著者
木村 知子 藤原 奈佳子
出版者
一般社団法人 日本医療・病院管理学会
雑誌
日本医療・病院管理学会誌 (ISSN:1882594X)
巻号頁・発行日
vol.52, no.4, pp.221-230, 2015 (Released:2016-01-23)
参考文献数
10

病院の看護職員紹介業者(以下,紹介業者)利用が増えているが,紹介時には高額な紹介料が発生している。そこで民間中小病院の看護部長を対象として,紹介業者の利用の実態について質問紙調査を行い,今後の看護職員確保対策のあり方について検討した。 日本病院会会員名簿より抽出した民間中小病院987病院の看護部長に,独自に作成した自記式質問用紙による郵送調査を依頼し,148人(回収率15.1%)分をIBM SPSS Statistic20 for Windowsを用いてχ2検定及びt検定,自由記述はカテゴリー化した。 回答者の所属施設の75.7%が医療法人で,病床数は平均119.4±48.2床で,紹介業者の利用経験ありは66.9%と有意に高かった。
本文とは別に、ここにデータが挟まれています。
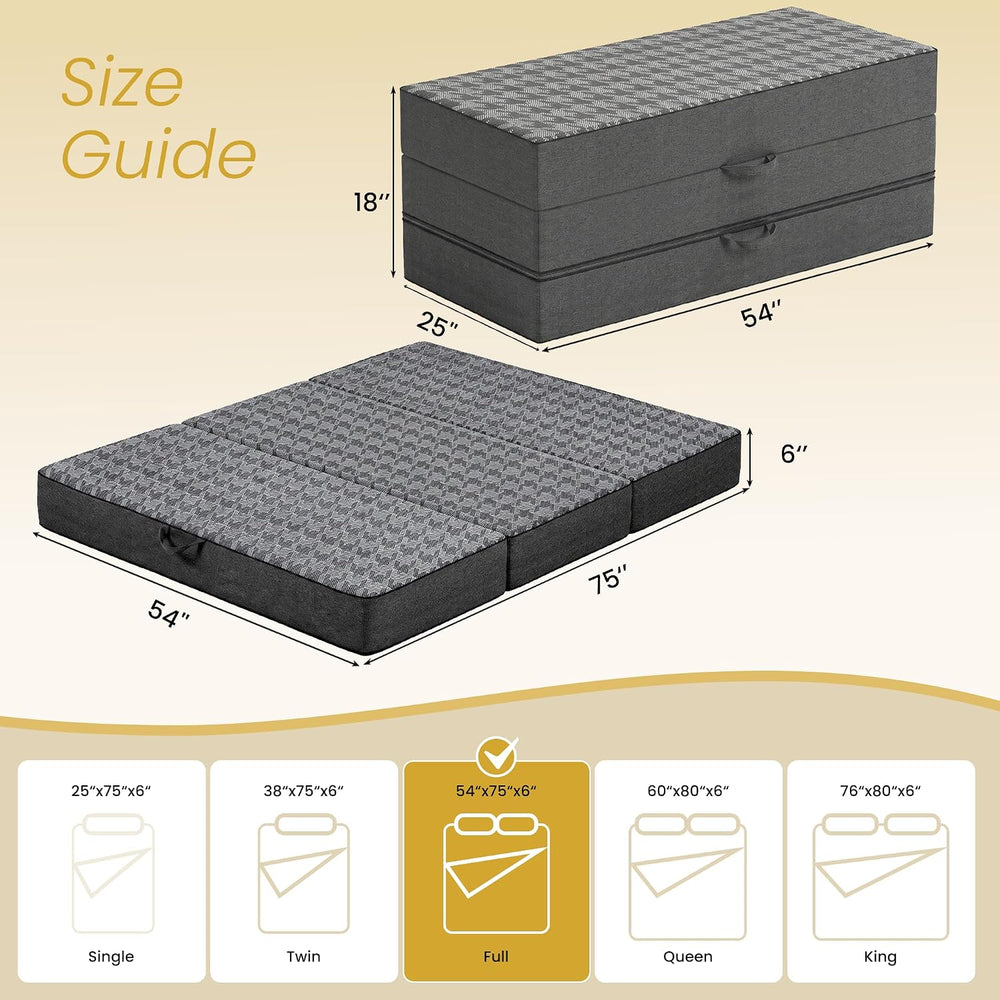 Tri Folding Mattress Full Size - 6 Inch Dual-Layer Memory Foam Foldable Mattr...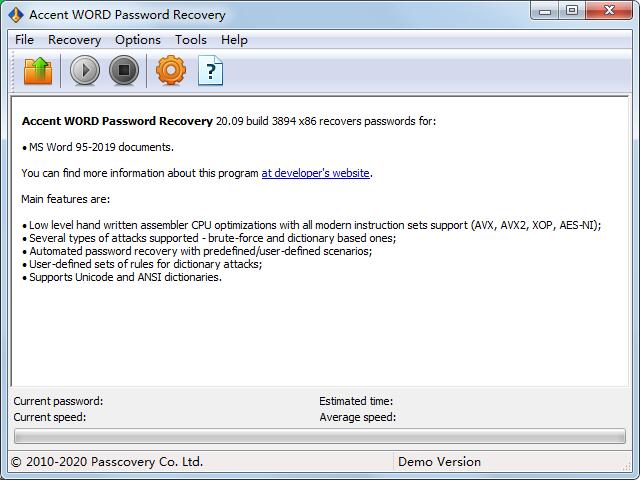 Accent WORD Password Recovery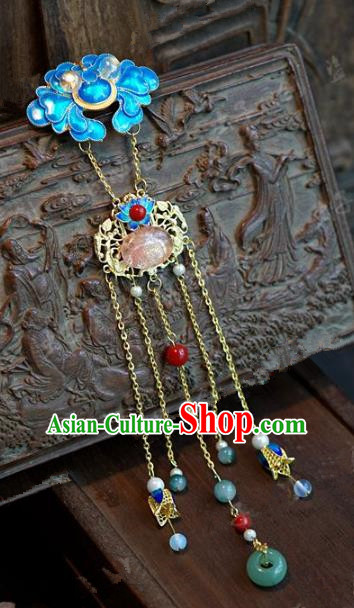 Chinese Handmade Pressure Front Blueing Brooch Ancient Bride Jade Jewelry Accessories for Women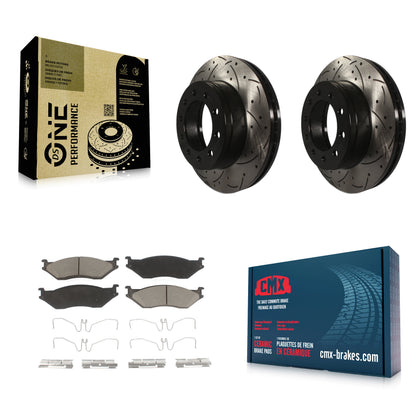 [Avant] Kit de disque (percé rainuré revêtu) et plaquette (céramique) de frein pour Ford F-450 Super Duty F-550 International CF500 CF600 KDC-100244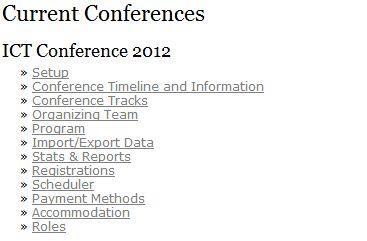 Tetapan scheduled conference Conference Manager akan dapat melihat current conferences contoh seperti paparan pada rajah di bawah.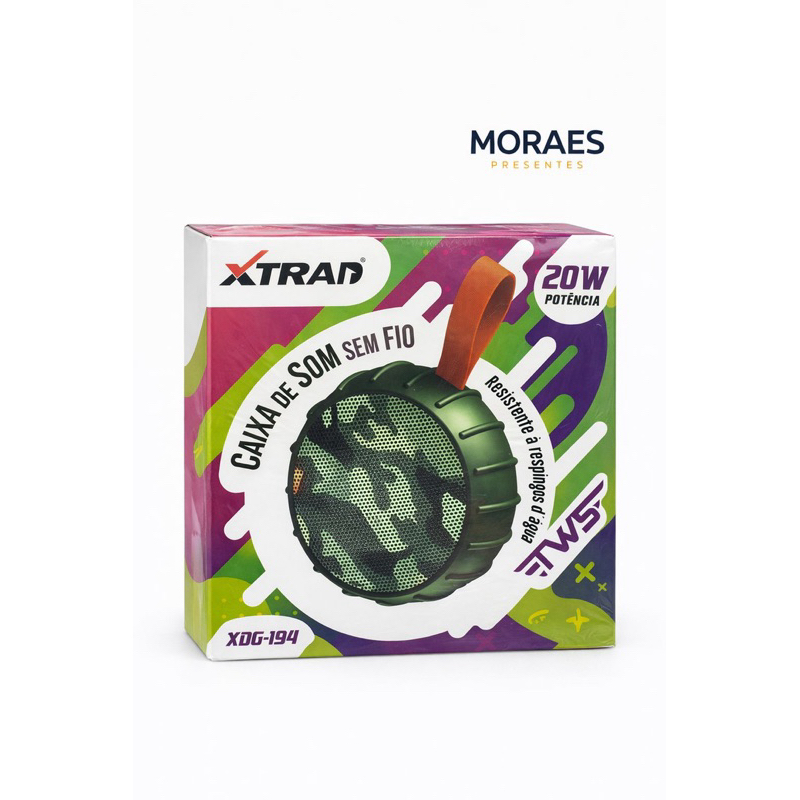Caixa de som Bluetooth portátil, compacta e potente. Ideal para qualquer lugar. Qualidade e estilo Moraes Presentes.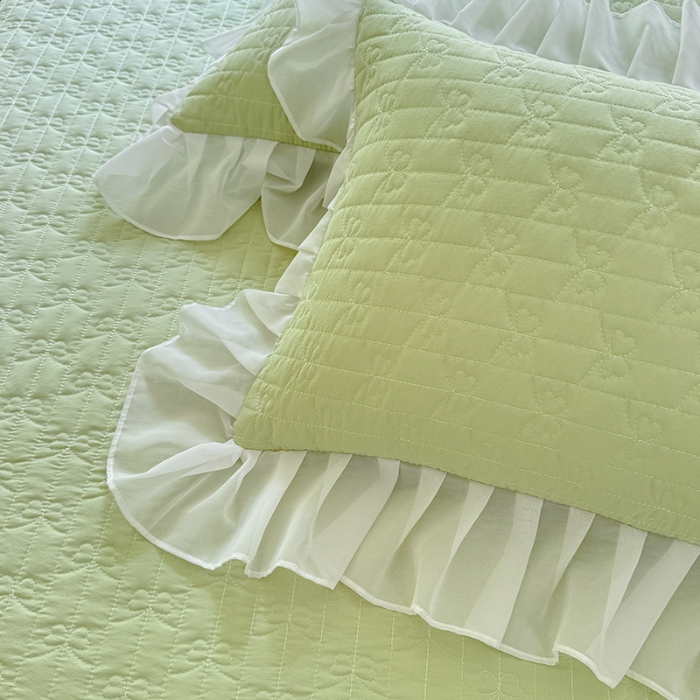 91家纺网 家纺一手货源 找家纺 苏米娜家纺2026春夏新品韩版甜美公主风超柔水洗棉床盖四件套刺绣针织棉双层纱纯棉棉麻全棉少女心夹棉床裙款夏被款床盖四件套 幻蝶-嫩芽绿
自由記載の回答は84人(56.8%),159コードであり,「病院としての紹介業者の利用」「高価な紹介料」「紹介される看護師」「紹介業者へのフラストレーション」「今後の人材確保に向けて」の5カテゴリーとなった。 紹介業者の利用戦術や,ナースセンターの機能強化,看護基礎教育における教育が示唆された。